In contrast, counties with the highest death rates have abysmal vaccination rates. In California counties with the nine worst COVID-19 death rates, less than half of residents have been vaccinated. The county with the worst death rates is Del Norte County, a sparsely populated county of less than 30,000 people in the northwestern corner of the state, with 91 deaths per 100,000 people. Only 39% of residents are fully vaccinated there.

The local medical society begged residents to get vaccinated. “We will continue to work, of course. But we are tired. We are tired of the suffering, pain and death that can be avoided by getting the vaccine,” he wrote. “You have trusted us with all other aspects of your health. Please trust us for this. “

Hard-hit hospitals have been so strained that the National Guard has been activated to send aid to places like Bakersfield and Redding. Fresno County was forced to transfer critically ill patients over 100 miles because its hospitals were so full.

Only 50% of Fresno County residents have been fully immunized. “It’s just tragic that we are still seeing patients coming in who just haven’t had the chance to get the vaccine, haven’t received the right information, have unfortunately been misinformed,” said Dr Rais Vohra, Interim Fresno County Health Officer. officer, said at a recent briefing.

Across the San Joaquin Valley, hospitals reported having less than 10% of their staffed adult intensive care beds available for most of the past month.

“We know that the number of deaths is still increasing, even if the other numbers are decreasing, and that is exactly what we expect for this increase,” Vohra said last week. “So I think we will continue to increase the number of deaths, unfortunately, throughout October.”

The Southern California Delta surge was nowhere near as bad as the winter surge, but its vaccination rates still need to be dramatically improved.
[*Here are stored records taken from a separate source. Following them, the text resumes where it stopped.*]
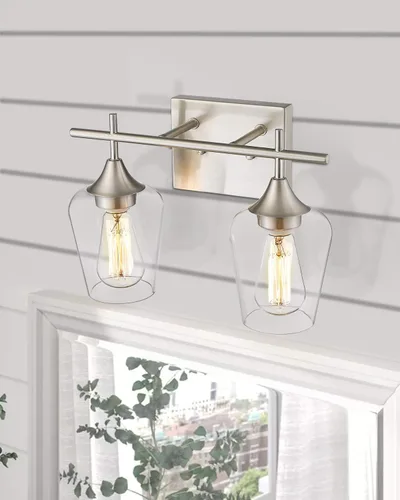 Vista 8 de WL9167-2C - Lámpara de baño de níquel cepillado de 15 pulgadas, lámpara moderna de pared de baño de granja con vidrio transparente
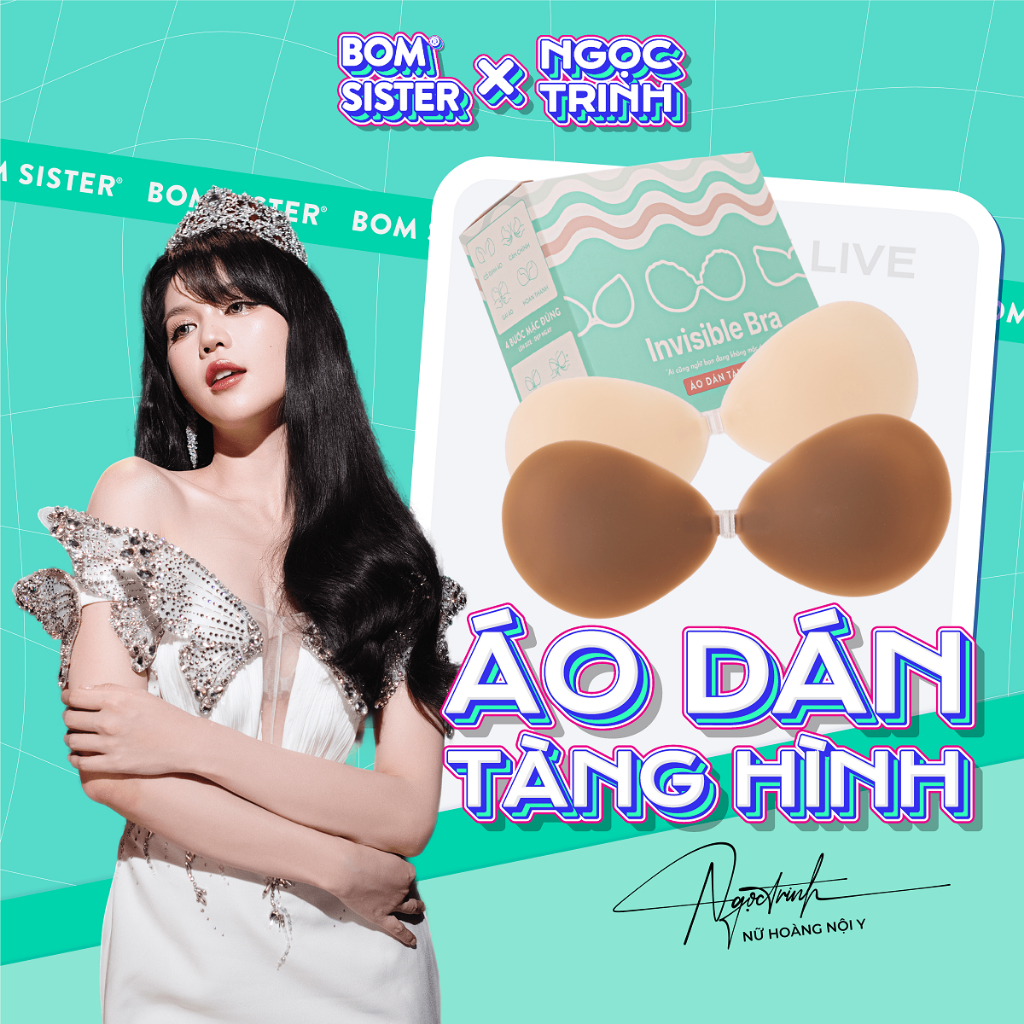 Ảnh BOM Sister x Ngọc Trinh - Áo dán cài trước diện trang phục hở siêu mỏng không lộ BOM Sister D005 1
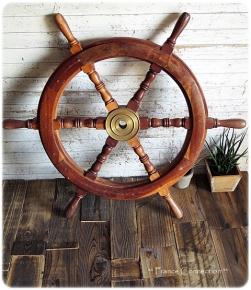 大きな船の舵 操舵 アンティーク 大型木製ラット 船舶用ハンドル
Los Angeles County reported that only 60% of its residents are fully immunized – the same as the state of California rate, and its summer death rate of 15 deaths per 100,000 population was close to the rate of 14 statewide.

Improving pandemic trends could change “if we don’t keep up the momentum to increase immunization rates,” said Dr. Christina Ghaly, director of LA County Health Services.

In Orange County, 62% of residents are fully vaccinated and the county has one of the lowest death rates in the state, 9 per 100,000 population. Of those who died in August, 94% were unvaccinated, said Dr Regina Chinsio-Kwong, an assistant county health worker.

“We could have lost more people to Delta if we hadn’t had the vaccination rate that we had, and we are seeing it in other states,” she said at a recent briefing .

Officials from Los Angeles and Orange counties said vaccination rates needed to improve further. Chinsio-Kwong urged parents and caregivers of children too young to be vaccinated to be especially careful until their children can get vaccinated.

In order to enjoy the holidays as usual, “we have to be careful in October,” Chinsio-Kwong said. “So that means, yes, maybe you should change your activity to be outside in order to have better ventilation. Yes, that means maybe I should wear a mask when I’m out. inside, especially even though I’m in a restaurant, I think that’s a great tip.

Times editor Emily Alpert Reyes contributed to this report.